Treating your underarms with Botox is considered to be a localized treatment—it’s only going to stop the sweating in the area being treated. The way it works is that it blocks the nerves that activate your sweat glands. Normally your sweat glands will respond to your nervous system. So if you’re nervous, your body will secrete a certain chemical that activates sweat glands, and in turn, you produce more sweat. But the Botox in treated underarms blocks that activation from happening. However, your nerves will continue to signal the sweat glands in other parts of your body to produce sweat as it normally would. Keep in mind that your skin is your body’s largest organ, and your armpits are only a small part—your body will easily compensate and self-regulate by releasing sweat in other areas. That’s not to say you will begin to sweat profusely in weird places. Your skin covers such a large surface area that it can easily adapt without you noticing any significant changes at all. If you are still interested, keep in mind that Botox has been shown to last anywhere from 12 to 16 weeks. For people with really bad hyperhidrosis, otherwise known as excessive sweating, three to four months is probably a better treatment schedule. For everyone else, a once or twice a year Botox regimen is probably the most that’s needed.

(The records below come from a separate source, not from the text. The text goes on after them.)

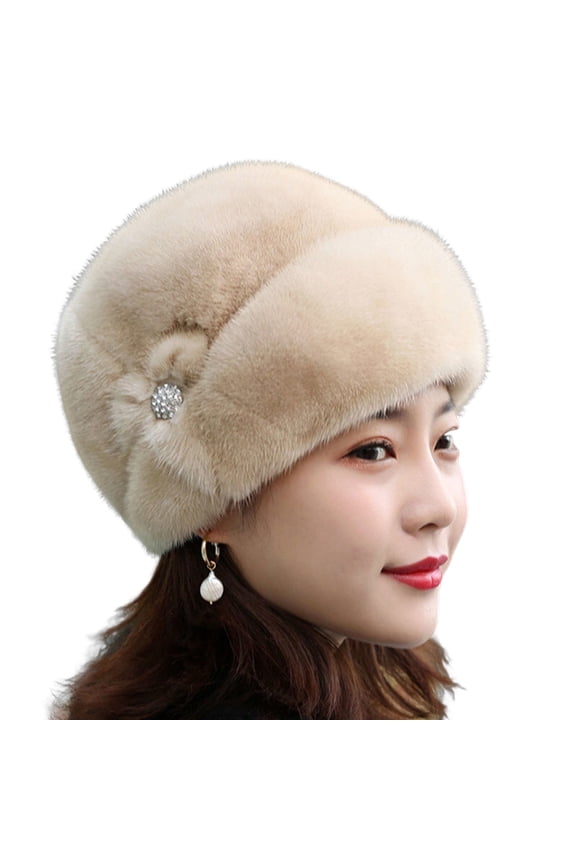 Winter Hat Russian Faux Rabbit Fur Flower Decor Thickened Luxury Keep Warm Autumn Winter Thermal Middle-aged Women Fashion Cap for Outdoor Khaki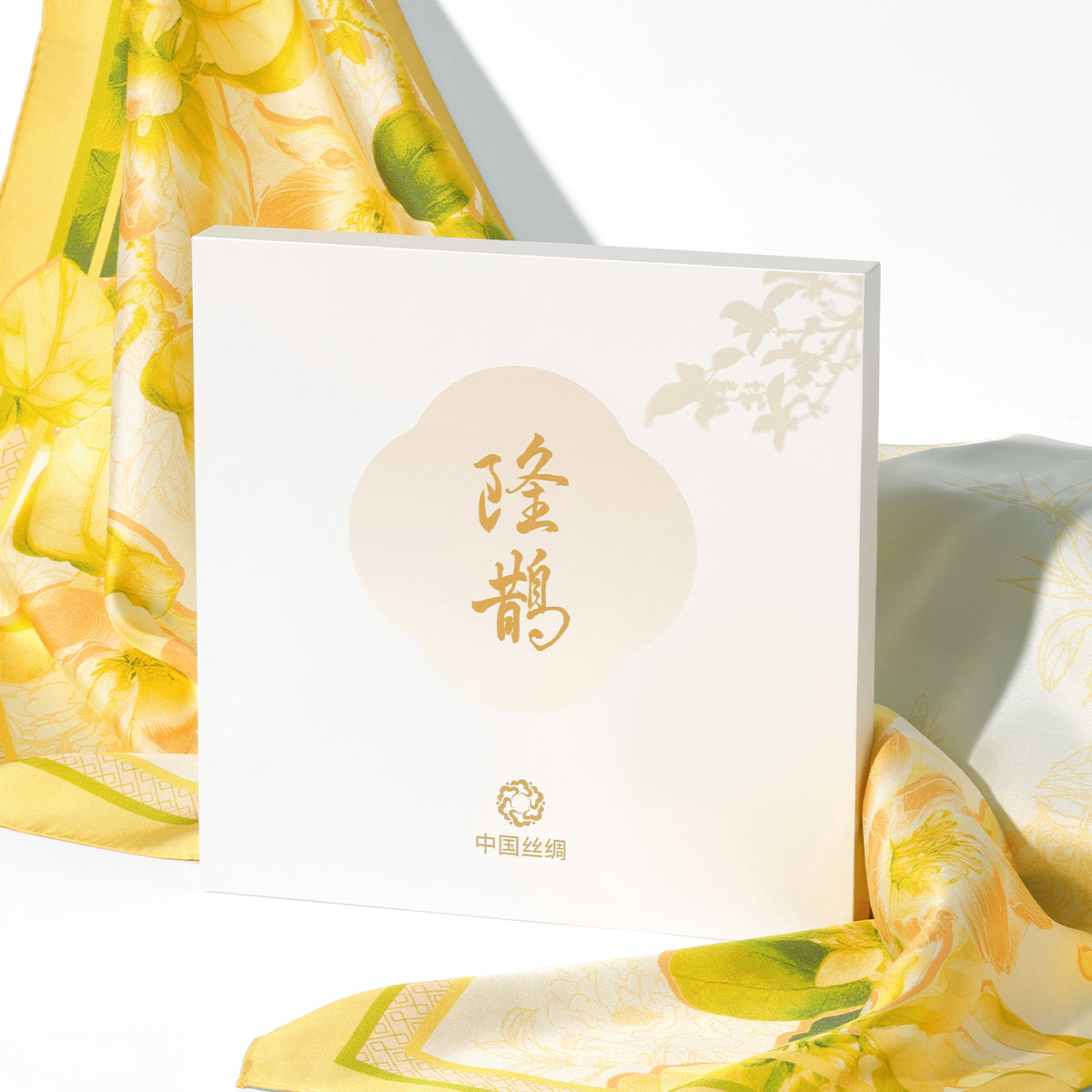 Golden Magnolia Herald the Spring Square Mulberry Silk Scarf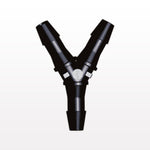 Y Connector, Barbed, Black, 100/Bag - Fits 1/4 inch ID Tubing (0.25 inch, 6.35 mm) - HY831
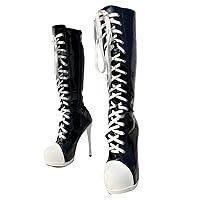 Frankie Hsu Punk Goth Black White Patent Knee High Boots Heeled Stiletto Fashion Classic Casual Wide Calf Lace Up Big Large Size Mid Tall Long Boot For Women Men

A Hyperpigmentation Treatment Stronger Than Vitamin C
Dear Dr. Idriss,
I used to have terrible acne in my teens and 20s, and I’m so grateful that period is over in my life. But in my 30s I was confronted with another issue: hyperpigmentation. My dark spots are like my ghosts of acne past. I’ve been good about sunscreen as well as vitamin C, and yet they are still there! How can I level up my treatment and get these marks off my face for good?
It all depends on your skin type and the amount of sun exposure you actively have. And also, you have to think about whether you’re treating a few small dark spots or a larger area, the latter of which would need something called a “field treatment.” IPL is a gentler option for beginners. However, don’t be fooled because not all IPLs are treated equally, and can easily cause you to burn if not done correctly—make sure you’re getting treatment from a board certified dermatologist! A Q-switch Alex laser, for instance, is a beautiful option for localized brown spots, whereas a more intense procedure such as a Fraxel is a better option when it comes to treating larger surface areas. Not all spots are at the same depth, so some spots can be treated very easily because they’re more superficial, but other times you think it’s superficial but it ends up being deeper and will require more treatment. The best advice is to go into any treatment with patience and to also know that once you’ve treated your brown spots you may still develop other new ones. I know that’s annoying, but I don’t make the rules here! I just relay the facts!